[Listed records]
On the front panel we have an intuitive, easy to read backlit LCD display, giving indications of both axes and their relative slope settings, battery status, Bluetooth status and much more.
[/Listed records]
[Listed records]
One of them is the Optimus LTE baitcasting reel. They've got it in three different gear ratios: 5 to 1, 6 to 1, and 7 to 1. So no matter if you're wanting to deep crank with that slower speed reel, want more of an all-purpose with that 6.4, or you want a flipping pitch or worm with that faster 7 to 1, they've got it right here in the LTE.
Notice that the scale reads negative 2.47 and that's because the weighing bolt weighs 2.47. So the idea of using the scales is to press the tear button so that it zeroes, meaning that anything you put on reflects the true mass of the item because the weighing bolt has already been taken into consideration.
[/Listed records]
[Listed records]
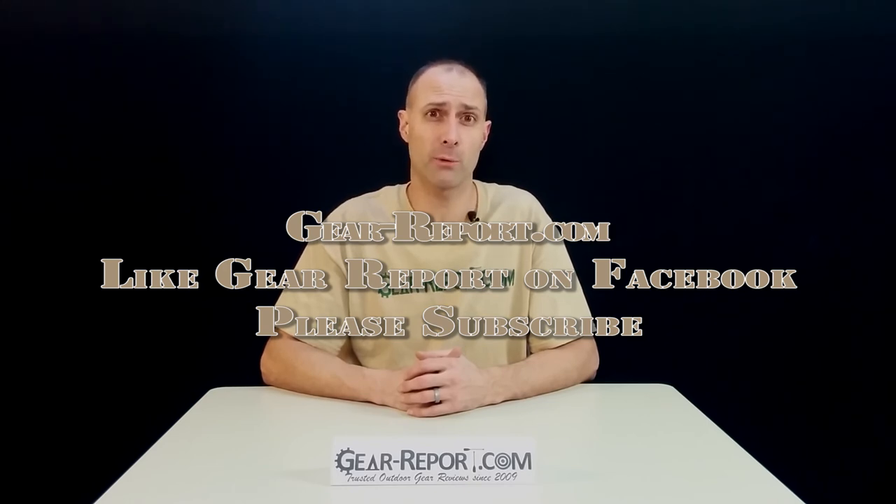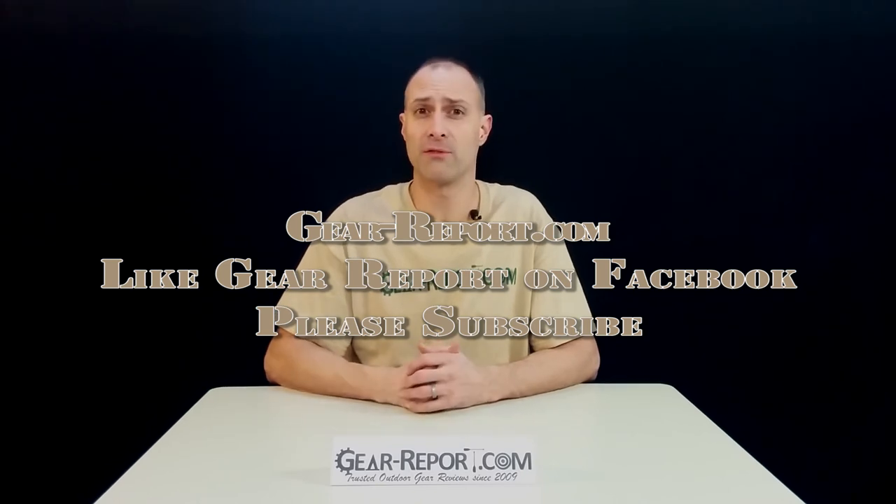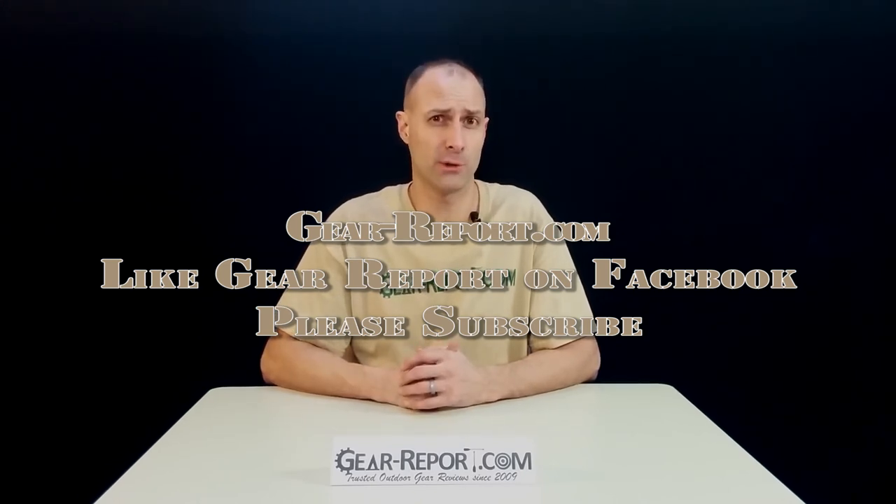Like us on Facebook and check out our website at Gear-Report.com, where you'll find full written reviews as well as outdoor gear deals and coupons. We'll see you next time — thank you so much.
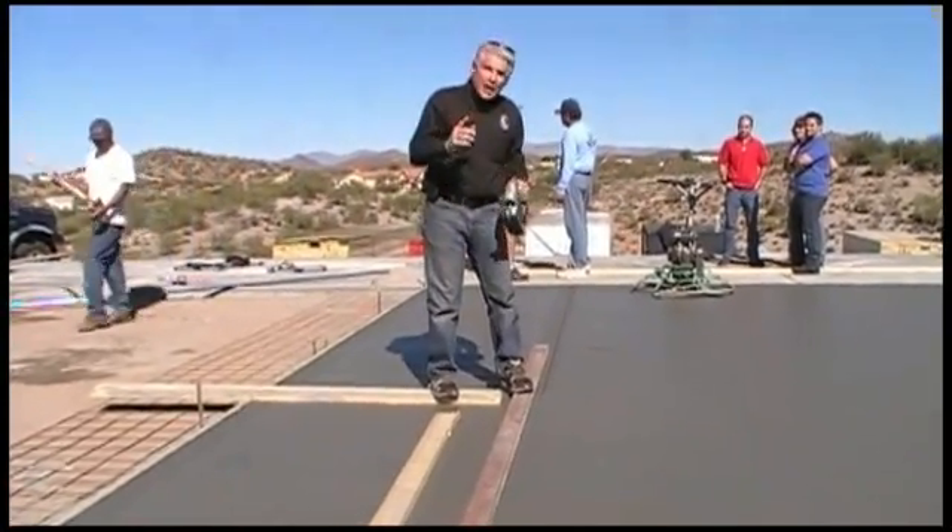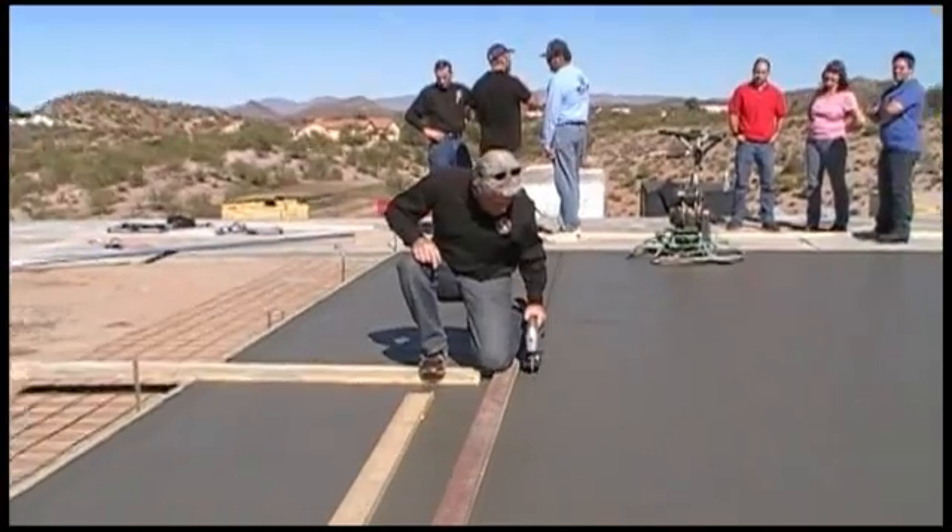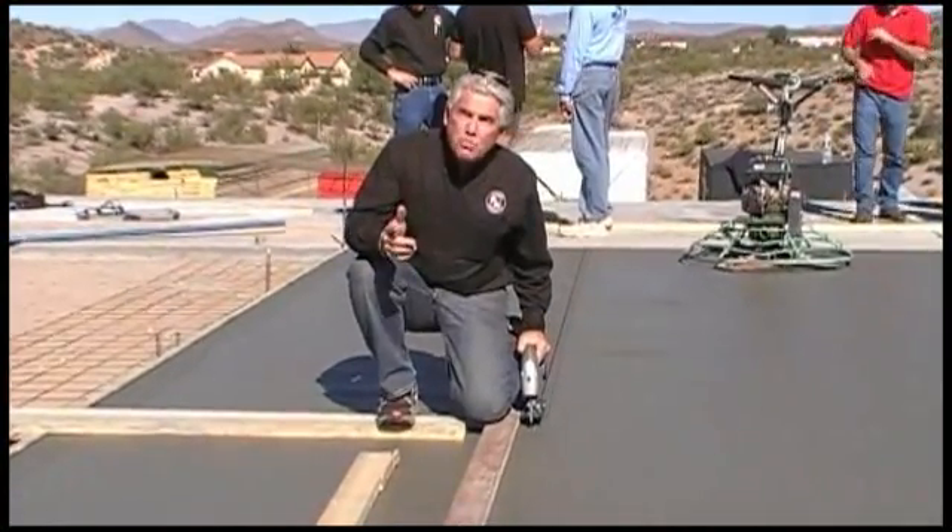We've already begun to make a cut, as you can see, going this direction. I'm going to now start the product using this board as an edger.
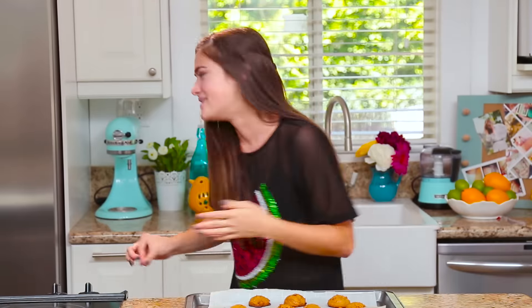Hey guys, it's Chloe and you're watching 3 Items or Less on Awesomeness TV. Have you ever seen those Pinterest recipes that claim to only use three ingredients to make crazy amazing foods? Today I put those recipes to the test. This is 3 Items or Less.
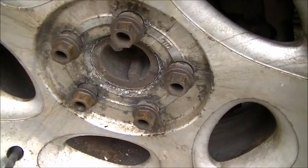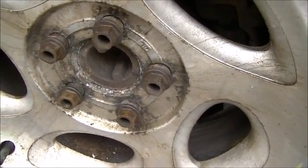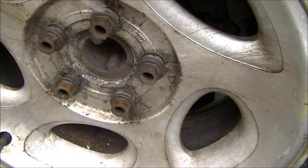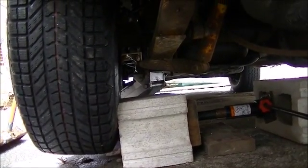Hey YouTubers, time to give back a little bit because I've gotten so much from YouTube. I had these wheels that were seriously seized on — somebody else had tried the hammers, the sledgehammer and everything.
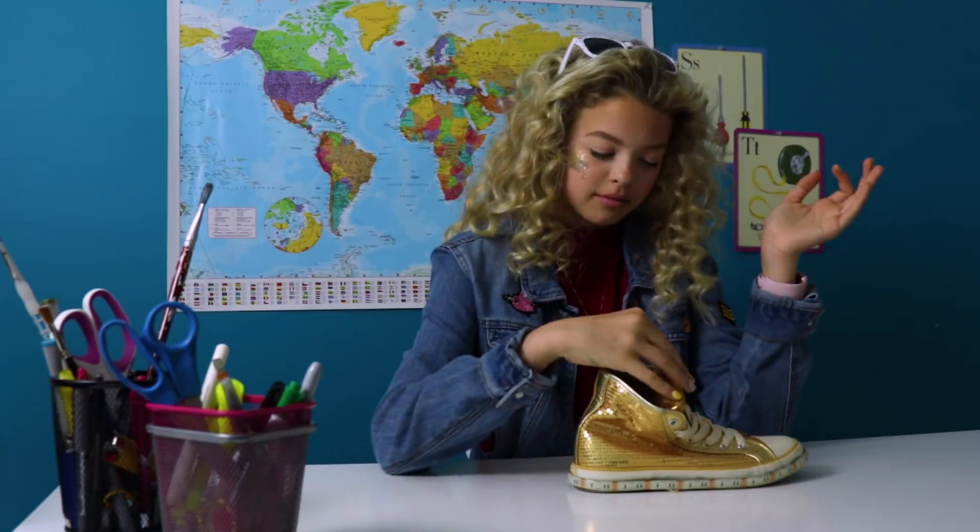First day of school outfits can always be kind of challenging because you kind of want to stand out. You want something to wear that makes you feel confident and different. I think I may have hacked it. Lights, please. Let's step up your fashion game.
[/Listed records]
Problem requirements =
The stretch to restate runs from the line above containing "We've already begun" through the line containing "Hey YouTubers, time". Copy it word for word, ends included, without pictures.

Written response =
We've already begun to make a cut, as you can see, going this direction. I'm going to now start the product using this board as an edger.
Hey guys, it's Chloe and you're watching 3 Items or Less on Awesomeness TV. Have you ever seen those Pinterest recipes that claim to only use three ingredients to make crazy amazing foods? Today I put those recipes to the test. This is 3 Items or Less.
Hey YouTubers, time to give back a little bit because I've gotten so much from YouTube. I had these wheels that were seriously seized on — somebody else had tried the hammers, the sledgehammer and everything.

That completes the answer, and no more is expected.